> **Data shown**
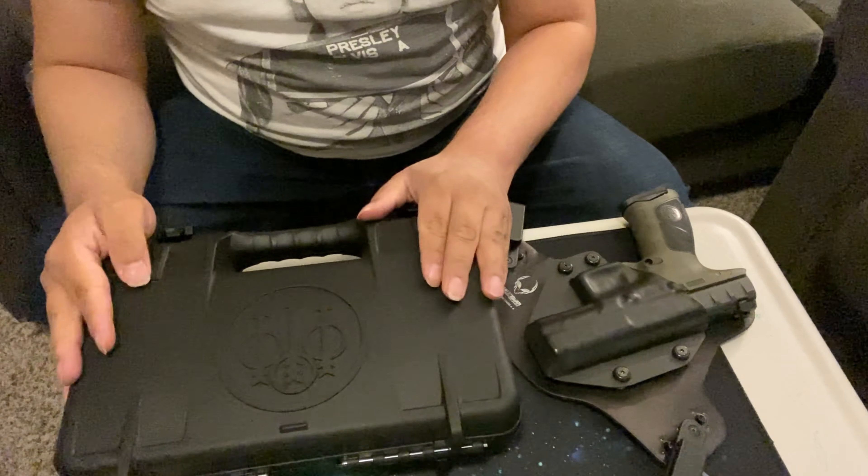Hey guys, welcome back to Ojeda's Adventures. I have a special treat for you guys. My brother-in-law recently picked up the Satyrion APX after he saw me purchase my full-size APX. He liked it but wanted something a little similar. I'm going to show you what he got, go over it, and let you know my thoughts on it.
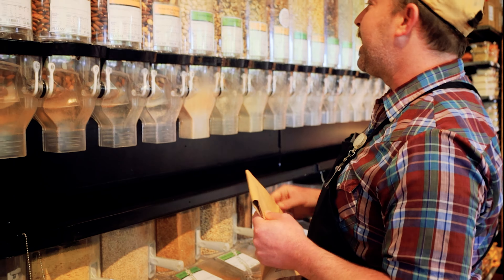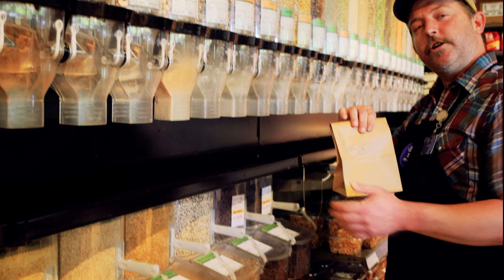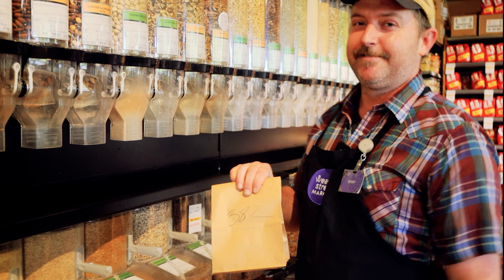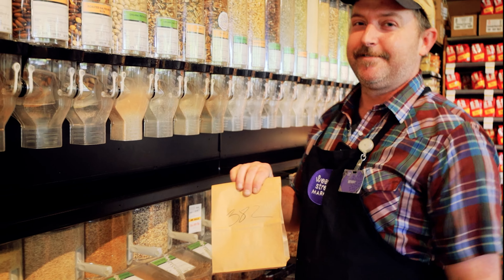And the main thing you're going to want to remember to do is write that PLU. That stands for a price lookup code, so the cashiers know what you're getting. And so in this case, that number is 382. And you're all set. You just shot bulk.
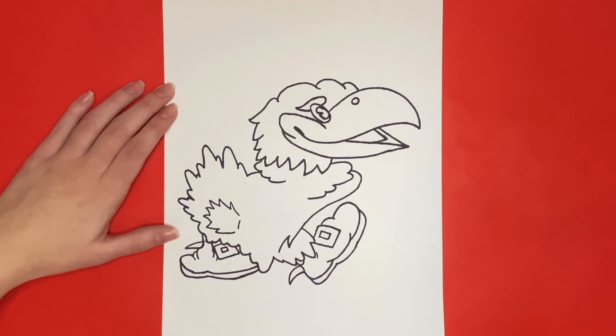Now for the final step, we are going to draw the KU letters in the middle of our Jayhawk's body.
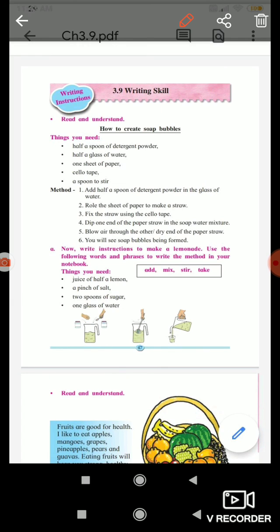Fourth, dip one end of the paper straw in the soap water mixture. Fifth, blow air through the other dry end of the paper straw.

> **Exercise brief**
Everything from the line that contains "And the main" to the final line of the data is to be duplicated exactly, both ends included, except the pictures.

> **Result for this task**
And the main thing you're going to want to remember to do is write that PLU. That stands for a price lookup code, so the cashiers know what you're getting. And so in this case, that number is 382. And you're all set. You just shot bulk.
Now for the final step, we are going to draw the KU letters in the middle of our Jayhawk's body.
Fourth, dip one end of the paper straw in the soap water mixture. Fifth, blow air through the other dry end of the paper straw.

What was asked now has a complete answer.